Rough estimates suggest that Moscow has spent at least $87 million for air and cruise-missile strikes in the first two weeks of its bombing campaign in Syria that began September 30.
With that relatively modest investment, the Kremlin has made itself a player that cannot be ignored in the Syrian conflict as it backs ally Syrian President Bashar al-Assad's bid to remain in power. The strikes also have enabled Syrian government forces to make significant gains against the rebels, with advances reported on October 11 in the northwestern province of Idlib and the neighboring province of Hama.
But perhaps just as importantly, the strikes have enabled Moscow to renew its claim to be a superpower as Russia defies Western sanctions over its intervention in Ukraine, which, along with low oil prices, have crippled its economy.
"These strikes were the final move to claim the status of a great power," says Igor Sutyagin, senior research fellow for Russian studies at the London-based Royal United Services Institute (RUSI). "Now Russia has finished its replication of all the attributes a great power like the United States has."
He says the air campaign, and above all its use of cruise missiles, deliberately demonstrated that Moscow can launch strikes remotely on targets of its choice and without risk to its own troops. Russia also showed it is ready to act without waiting for permission from the international community and in the face of Western, Turkish, and Arab criticism of its actions.
Just how much Moscow's assertive air campaign costs is difficult to calculate with complete accuracy. One reason is that the Russian military is highly secretive about its expenditures.
But Sutyagin, who follows the Russian military closely, estimates that the air strikes by conventional fighter jets cost at least some $2.5 million per day.
An image taken from footage made available by the Russian Defense Ministry purporting to show air strikes carried out by the Russian Air Force on what Russia says was an Islamic State training camp in Idlib Province.
That figure covers maintenance of a force of 34 airplanes and deploying them on daily bombing runs against targets across the country. It also covers the costs of the some 2,000 specialist Russian troops who make up the expeditionary force and of providing logistics support -- including ammunition and fuel -- by military transport planes and ships from Russia.
Add to that another $52 million to cover the $2 million apiece cost of the 26 cruise missiles Russian ships in the Caspian fired on October 7, and the total comes to $87 million in 14 days. The amount does not include the cost of the original transport of the planes and troops to Syria.
The analyst call the estimate "conservative," saying it "might be between $1 million and $4 million more (per day) depending on the actual amount of precision guided munitions which they used."
Easily Affordable -- For Now
Russian officials say the cost of Russia's Syrian campaign is easily affordable for Moscow, which regards it as a small-scale military operation.
But the Syrian campaign does place an additional burden on the Defense Ministry's budget at a time when it is already badly taxed by what analysts say is the far higher cost of Russian intervention in eastern Ukraine and of ramped-up military exercises amid tensions with NATO.

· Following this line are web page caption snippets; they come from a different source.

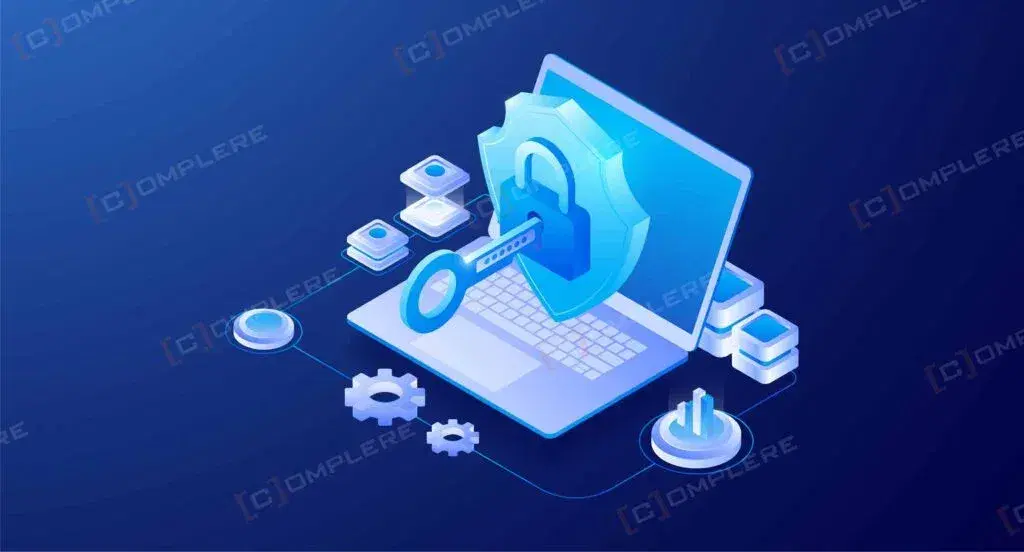 Security-1024x552.webp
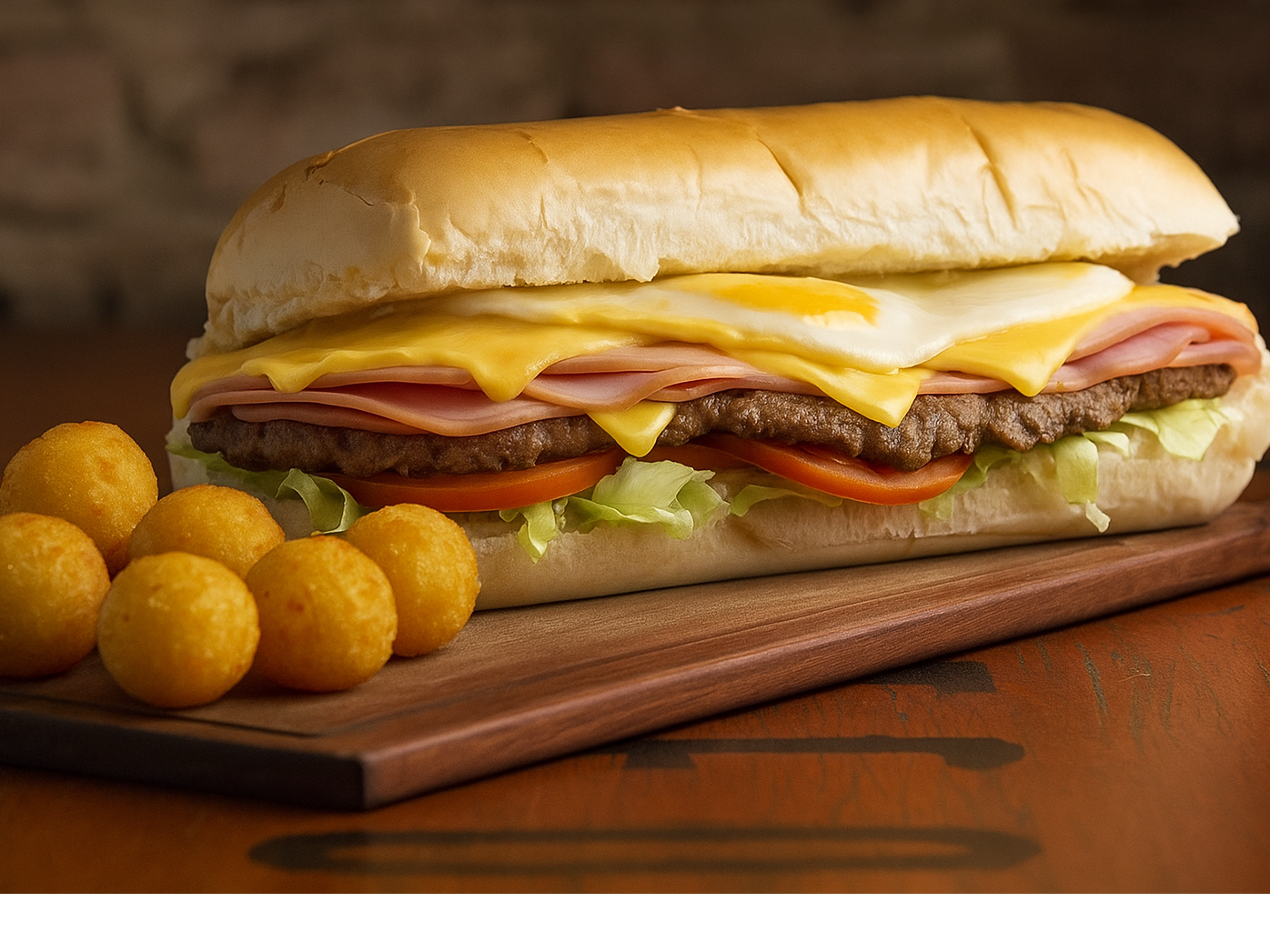 LOMO PREMIUN 150 GR 100% LOMO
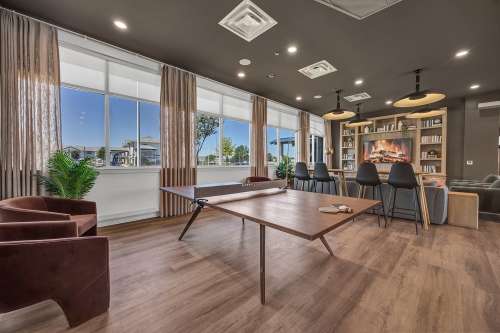 texas-state-Apartment-Building-18751011
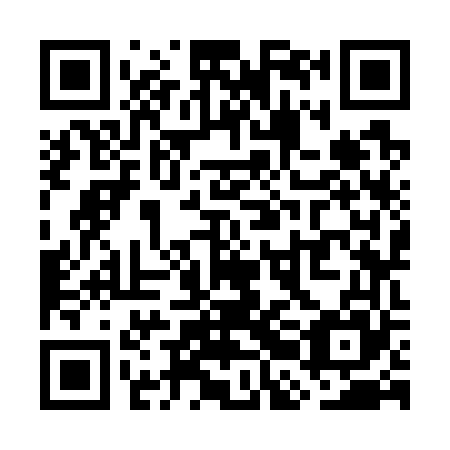 QR code for WBK-765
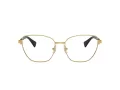 Ralph Briller RA 6060 9443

Syrian President Bashar al-Assad
The Russian armed forces conducted around 4,000 military exercises in the first nine months of this year, 500 drills more than in 2014, according to the Defense Ministry. The largest of the drills took place last month in the center of Russia and involved nearly 100,000 troops from every branch of the armed forces, plus troops from other ex-Soviet states. The exercises simulated combat operations that also involved naval ships and up to 170 military aircraft.
The costs of the exercises are kept secret by Russia's military, as are the costs of intervening in eastern Ukraine. Western officials have accused Moscow of sending troops, armor, and air-defense systems into Ukraine to support separatist rebels against Kyiv.
Sutyagin says that the Defense Ministry's budget is being spent this year faster than scheduled as a result of its multiple priorities.
"In the first eight months of this year, the military had already spent 82 percent of its budget," he says. That suggests the military could exceed its budget, forcing the government to dig into national reserves to cover costs at a time when the Russian economy is reeling from low oil prices and Western sanctions.
Russian military analysts say that so long as the Syrian campaign remains at its current level, Moscow will be able to afford it without difficulty. But if it escalates, it could pose tough budgetary choices.
Bombs are dropped by a Russian warplane during an air strike near Idlib on October 5.
"The military budget can support this operation so long as it has modest limits," says Aleksandr Goltz, an independent military expert in Moscow. "We can support one air force regiment on Syrian soil, but not, of course, a large-scale ground operation."
Russian officials have said they will not send ground troops to Syria and that the air campaign will be of just a few months' duration.
But if Russia does get dragged deeper into the Syrian conflict, the political benefits Moscow has reaped inexpensively with its first two weeks of air strikes might not appear to be such a bargain.
The Soviet Union was very much a superpower when it sent troops into Afghanistan in 1979 to support a Moscow-tied government there.
However, by 1989, Soviet troops withdrew in defeat after a conflict that cost billions of dollars and helped speed the collapse of the Soviet Union in 1991.